# Exercise description
Take the lines below between the one holding "ELITE STALKER 45-70 STAINLESS STEEL CAMO" and the one holding "Precious 植木鉢 Ø10 cm, Vit Lene Bjerre", inclusive, and copy them exactly. Add nothing.

# Records for the task
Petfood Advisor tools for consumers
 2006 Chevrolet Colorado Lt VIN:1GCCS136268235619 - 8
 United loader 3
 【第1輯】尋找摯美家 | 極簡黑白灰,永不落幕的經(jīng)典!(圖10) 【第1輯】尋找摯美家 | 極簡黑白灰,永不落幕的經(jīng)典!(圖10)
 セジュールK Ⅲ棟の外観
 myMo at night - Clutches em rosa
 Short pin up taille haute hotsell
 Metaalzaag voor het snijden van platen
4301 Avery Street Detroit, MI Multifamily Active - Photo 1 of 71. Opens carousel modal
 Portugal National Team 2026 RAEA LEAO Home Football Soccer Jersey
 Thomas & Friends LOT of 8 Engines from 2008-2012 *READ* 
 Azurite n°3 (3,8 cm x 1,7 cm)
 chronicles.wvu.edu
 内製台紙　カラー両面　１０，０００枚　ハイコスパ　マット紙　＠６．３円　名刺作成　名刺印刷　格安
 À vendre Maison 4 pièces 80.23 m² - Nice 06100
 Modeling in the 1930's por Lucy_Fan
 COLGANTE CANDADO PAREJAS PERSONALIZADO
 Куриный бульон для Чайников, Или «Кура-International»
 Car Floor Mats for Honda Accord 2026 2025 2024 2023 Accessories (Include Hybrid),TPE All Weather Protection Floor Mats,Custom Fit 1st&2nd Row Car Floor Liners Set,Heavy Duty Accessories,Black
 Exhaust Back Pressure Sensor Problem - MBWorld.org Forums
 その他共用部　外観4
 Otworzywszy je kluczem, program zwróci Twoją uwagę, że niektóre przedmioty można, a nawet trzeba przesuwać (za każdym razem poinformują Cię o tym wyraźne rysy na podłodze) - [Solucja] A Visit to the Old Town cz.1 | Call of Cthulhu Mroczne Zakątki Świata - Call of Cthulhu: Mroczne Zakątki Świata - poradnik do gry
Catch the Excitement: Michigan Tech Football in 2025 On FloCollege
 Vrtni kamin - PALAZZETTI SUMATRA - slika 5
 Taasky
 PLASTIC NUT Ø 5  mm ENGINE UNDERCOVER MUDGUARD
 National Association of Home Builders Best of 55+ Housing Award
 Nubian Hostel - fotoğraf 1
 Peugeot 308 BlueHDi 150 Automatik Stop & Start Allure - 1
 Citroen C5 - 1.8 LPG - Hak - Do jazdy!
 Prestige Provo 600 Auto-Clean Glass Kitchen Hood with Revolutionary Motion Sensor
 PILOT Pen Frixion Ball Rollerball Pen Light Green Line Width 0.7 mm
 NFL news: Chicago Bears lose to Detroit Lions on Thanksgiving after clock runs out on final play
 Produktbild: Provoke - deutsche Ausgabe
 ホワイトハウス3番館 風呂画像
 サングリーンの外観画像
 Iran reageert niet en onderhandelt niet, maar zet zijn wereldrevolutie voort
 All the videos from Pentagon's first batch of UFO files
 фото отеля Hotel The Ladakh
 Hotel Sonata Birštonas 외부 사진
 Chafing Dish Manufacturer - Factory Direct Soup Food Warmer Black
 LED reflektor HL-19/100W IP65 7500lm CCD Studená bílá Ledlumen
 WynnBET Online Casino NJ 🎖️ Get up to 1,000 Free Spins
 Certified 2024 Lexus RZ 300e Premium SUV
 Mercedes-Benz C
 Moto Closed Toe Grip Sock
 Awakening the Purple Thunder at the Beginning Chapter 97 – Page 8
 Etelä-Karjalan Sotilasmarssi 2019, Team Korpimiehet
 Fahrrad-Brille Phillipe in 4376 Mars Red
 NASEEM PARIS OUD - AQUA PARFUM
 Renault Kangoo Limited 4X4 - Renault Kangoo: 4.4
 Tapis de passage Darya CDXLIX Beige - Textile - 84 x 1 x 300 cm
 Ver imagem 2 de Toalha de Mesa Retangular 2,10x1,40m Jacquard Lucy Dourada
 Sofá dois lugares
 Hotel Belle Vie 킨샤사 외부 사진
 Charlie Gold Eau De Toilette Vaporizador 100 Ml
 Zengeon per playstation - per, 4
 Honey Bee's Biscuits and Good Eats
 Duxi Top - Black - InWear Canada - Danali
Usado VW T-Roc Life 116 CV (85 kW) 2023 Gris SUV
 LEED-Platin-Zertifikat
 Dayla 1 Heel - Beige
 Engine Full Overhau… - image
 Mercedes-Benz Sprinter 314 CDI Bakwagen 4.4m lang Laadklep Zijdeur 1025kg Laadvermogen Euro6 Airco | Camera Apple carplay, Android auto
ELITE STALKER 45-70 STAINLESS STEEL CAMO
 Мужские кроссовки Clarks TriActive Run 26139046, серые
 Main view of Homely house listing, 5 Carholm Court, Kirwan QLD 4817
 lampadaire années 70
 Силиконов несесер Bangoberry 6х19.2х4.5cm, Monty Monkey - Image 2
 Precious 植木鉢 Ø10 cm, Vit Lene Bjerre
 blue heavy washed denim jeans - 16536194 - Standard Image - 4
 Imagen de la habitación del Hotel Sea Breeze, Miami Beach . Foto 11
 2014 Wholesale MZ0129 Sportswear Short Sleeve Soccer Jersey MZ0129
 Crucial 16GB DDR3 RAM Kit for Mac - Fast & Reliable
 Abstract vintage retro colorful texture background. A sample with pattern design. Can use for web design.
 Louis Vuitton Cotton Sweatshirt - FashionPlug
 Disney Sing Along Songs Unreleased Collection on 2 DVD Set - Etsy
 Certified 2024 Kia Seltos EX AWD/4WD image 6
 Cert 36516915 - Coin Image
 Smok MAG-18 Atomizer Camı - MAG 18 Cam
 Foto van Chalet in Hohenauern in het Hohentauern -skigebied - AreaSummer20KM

# Output for this task
ELITE STALKER 45-70 STAINLESS STEEL CAMO
 Мужские кроссовки Clarks TriActive Run 26139046, серые
 Main view of Homely house listing, 5 Carholm Court, Kirwan QLD 4817
 lampadaire années 70
 Силиконов несесер Bangoberry 6х19.2х4.5cm, Monty Monkey - Image 2
 Precious 植木鉢 Ø10 cm, Vit Lene Bjerre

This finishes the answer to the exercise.